This month, we kicked off IAIA Museum of Contemporary Native Arts‘ (MoCNA) first virtual Social Engagement Artist Residency (SEAR). Two artists, Luzene Hill (Eastern Band Cherokee) and Mercedes Dorame (Tongva Ancestry), will be participating in a one-month virtual residency in which they will share their social engagement work with our community and museum audience through an online platform. Each artist has proposed a community engagement project that they will work on remotely and share through a series of public programs and virtual studios that can be found on our newly developed Social Engagement Residency website.
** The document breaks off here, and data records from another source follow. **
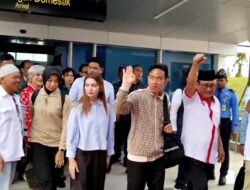 Ribuan Massa Di Bandara Silangit Sambut Safari Politik Cawapres Gibran Rakabuming Raka Dan Bobby Nasution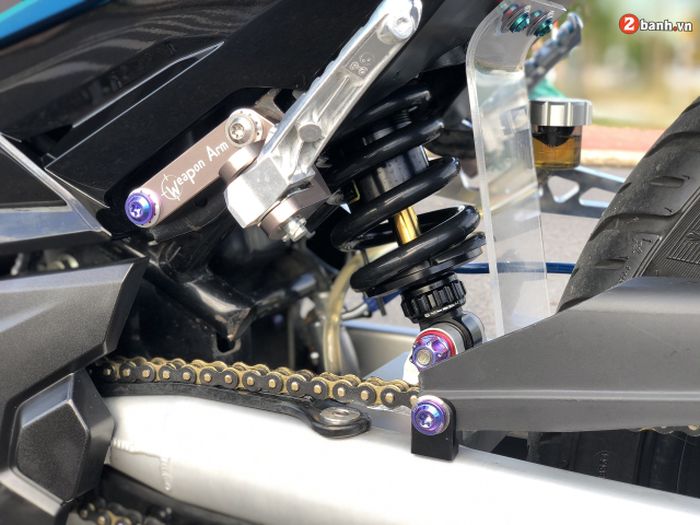 Suspensi belakang mengandalkan shock RCB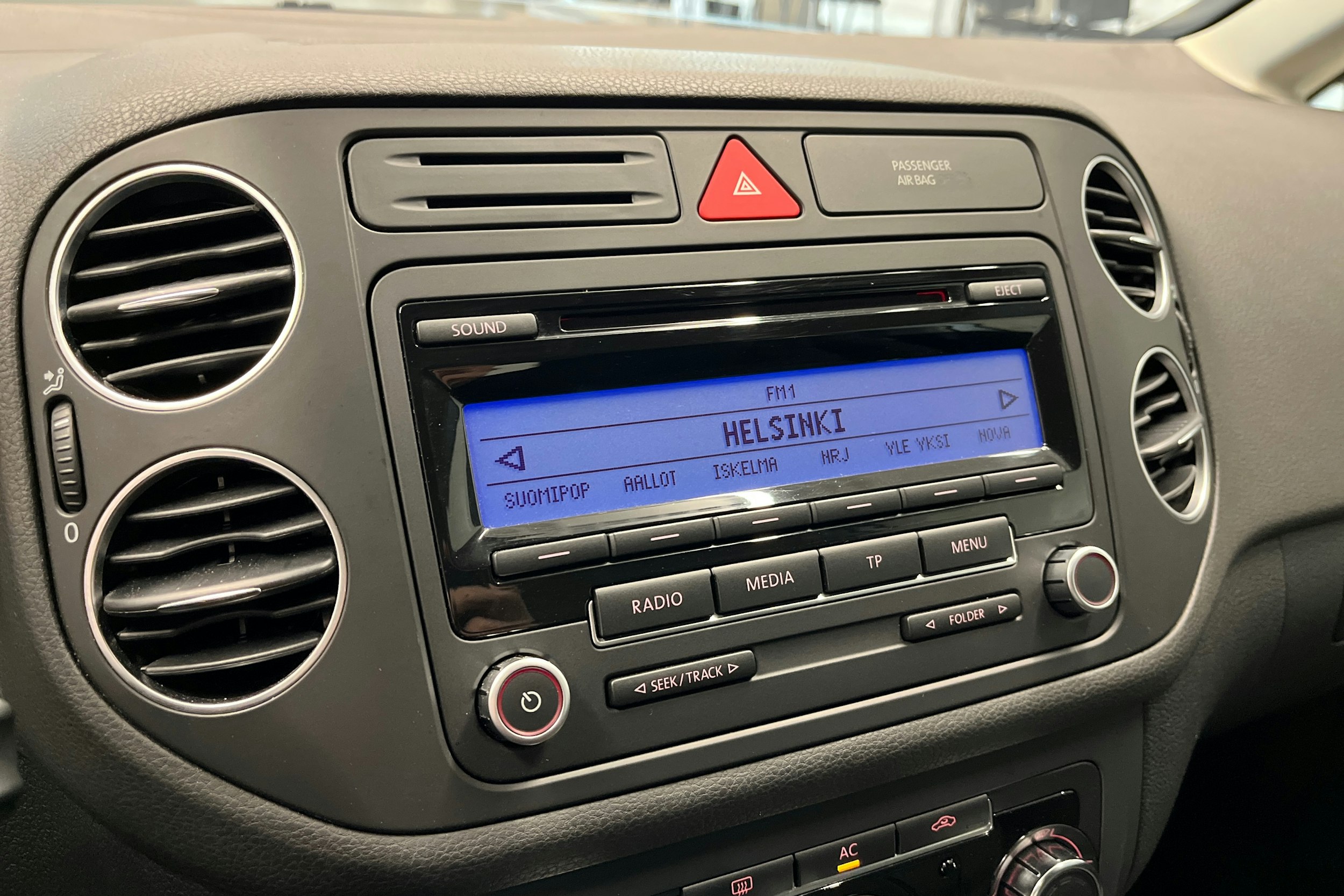 harmaa Volkswagen Golf Plus 2009 kuva 19.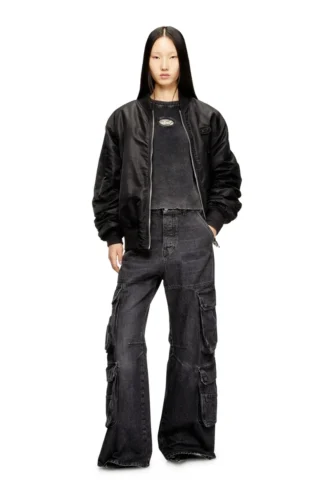 m-anchorex Cut-Out-Pullover mit Rippstrick und ovaler D-Plakette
Please follow these two artists in their creative journey by visiting their virtual studios.
Luzene Hill

Luzene Hill

Luzene Hill

Luzene Hill is a multimedia artist, best known for socially engaged conceptual installations, which incorporate performance/action. Her work reflects interdisciplinary scholarship in visual art, women’s studies, and Native American culture—topics that are integral to her background and personal journey. Through work informed by pre-contact culture of the Americas, Hill advocates for Indigenous sovereignty—linguistic, cultural, and personal sovereignty. These concepts form the basis of her installations, performances, drawings, and artist’s books. Her drawings address vulnerability and resilience viewed through both a personal and cultural lens. Recent work, employing indigenous goddess motifs, asserts female agency and challenges phallocentric hierarchies. An enrolled member of the Eastern Band of Cherokee Indians, Hill lives and works in Atlanta, Georgia. Her work has been exhibited throughout the United States, Canada, Russia, Japan, and the United Kingdom. Her awards include the 2019 Ucross Fellowship, the 2016 Native Arts and Cultures Foundation Fellowship in Visual Arts, the 2015 Eiteljorg Museum Fellowship, and the 2015 First Peoples Fund Fellowship. Hill’s work is featured in Susan C. Power’s book, Art of the Cherokee: Prehistory to the Present, in Josh MacPhee’s and Rebecca Solnit’s book, Celebrate People’s History: The Poster Book of Resistance and Revolution, and the PBS documentary, Native Art Now!.

Mercedes Dorame

Mercedes Dorame

Mercedes Dorame

Mercedes Dorame, born in Los Angeles, California, received her MFA from the San Francisco Art Institute and her undergraduate degree from UCLA. She calls on her Tongva ancestry to engage the problematics of visibility and ideas of cultural construction. Dorame’s work is in the permanent collections of the Hammer Museum, San Francisco Museum of Modern Art, The Triton Museum, The Allen Memorial Art Museum, The de Saisset Museum, The Montblanc Foundation Collection, and The Phoebe A. Hearst Museum. She is the recipient of grants and fellowships from: Creative Capital, the Montblanc Art Commission, the New York Foundation for the Arts, Loop Artist Residency, the James Phelan Award for California born visual artists, En Foco’s New Works Photography Fellowship Awards program, Galería de la Raza, for her solo exhibition there, the Harpo Foundation for a residency at the Vermont Studio Center, and from the Photography Department at the San Francisco Art Institute for her MFA Studies. She is currently visiting faculty at CalArts, and was recently honored by UCLA as part of the centennial initiative UCLA: Our Stories, Our Impact, and was part of the Hammer Museum’s 2018 Made in L.A. exhibition. She has shown her work internationally. Her writing has been featured in News From Native California, and 580 Split, and her artwork has been highlighted by PBS NewsHour, Artforum, KCET’s Artbound, the New York Times, Art in America, Hyperallergic, KQED, Artsy, ARTnews, the Los Angeles Times, the San Francisco Chronicle, among others.